本段节选自《经史百家杂钞》第十三卷奏议,韩愈·《禘祫议》|第 7 段,共 7 段
韩愈是唐代著名的文学家、思想家,被誉为“唐宋八大家”之首。他倡导古文运动,主张“文以载道”,强调文章应言之有物,对后世散文发展影响深远。他的诗文雄健豪放,充满正气,如《师说》《进学解》等名篇至今仍被传诵。在文化史上,韩愈不仅是文学巨匠,更是儒家道统的坚定捍卫者。
这篇《禘祫议》是韩愈在唐宪宗时期,针对朝廷关于祭祀礼仪的争论而写的议论文。禘祫是古代天子祭祀祖先的大典,韩愈以严谨考据,主张恢复古礼,反对当时随意变通的陋习,体现了他的礼学修养与直言精神。
当禘祫之时,献祖宜居东向之位,景皇帝宜从昭穆之列,祖以孙尊,孙以祖屈,求之神道,岂远人情?又常祭甚众,合祭甚寡,则是太祖所屈之祭至少,所伸之祭至多,比于伸孙之尊,废祖之祭,不亦顺乎?事异殷周,礼从而变,非所失礼也。
臣伏以制礼作乐者,天子之职也。陛下以臣议有可采,粗合天心,断而行之,是则为礼。如以为犹或可疑,乞召臣对,面陈得失,庶有发明。谨议。
韩愈主张禘祫时献祖居东向,景皇帝列昭穆,并认为常祭多而合祭少,太祖所屈少更顺情理。

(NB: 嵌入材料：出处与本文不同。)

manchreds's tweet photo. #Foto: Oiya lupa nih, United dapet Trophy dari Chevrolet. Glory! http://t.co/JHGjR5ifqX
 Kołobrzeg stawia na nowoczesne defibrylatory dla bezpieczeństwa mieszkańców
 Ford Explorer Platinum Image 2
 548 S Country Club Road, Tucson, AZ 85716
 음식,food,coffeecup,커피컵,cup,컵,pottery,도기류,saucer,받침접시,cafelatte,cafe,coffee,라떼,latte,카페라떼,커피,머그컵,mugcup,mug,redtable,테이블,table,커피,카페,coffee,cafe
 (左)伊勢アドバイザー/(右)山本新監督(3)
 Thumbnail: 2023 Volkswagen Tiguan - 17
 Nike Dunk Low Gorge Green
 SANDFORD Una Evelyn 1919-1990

在禘祫的时候,献祖应该居于东向的位置,景皇帝应该按照昭穆的次序排列。祖父因为孙子而尊贵,孙子因为祖父而屈尊,从神道来说,难道会远离人情吗?况且平常的祭祀很多,合祭很少,这样太祖所屈尊的次数最少,所伸尊的次数最多,比起伸张孙子的尊荣而废弃祖父的祭祀,不是更顺当吗?情况不同于殷周,礼仪随着变化,这并不是失礼。我私下认为,制礼作乐是天子的职责。陛下如果认为我的议论有可取之处,大致符合天心,决断施行,那就是礼。如果还认为有可疑,请求召见我当面陈述得失,或许能有阐明。谨此呈议。
先提出具体方案,然后从人情角度论证合理性,再分析次数对比说明更优,最后建议皇帝决策。
在坚持原则的前提下,灵活变通才能让制度更符合现实需要。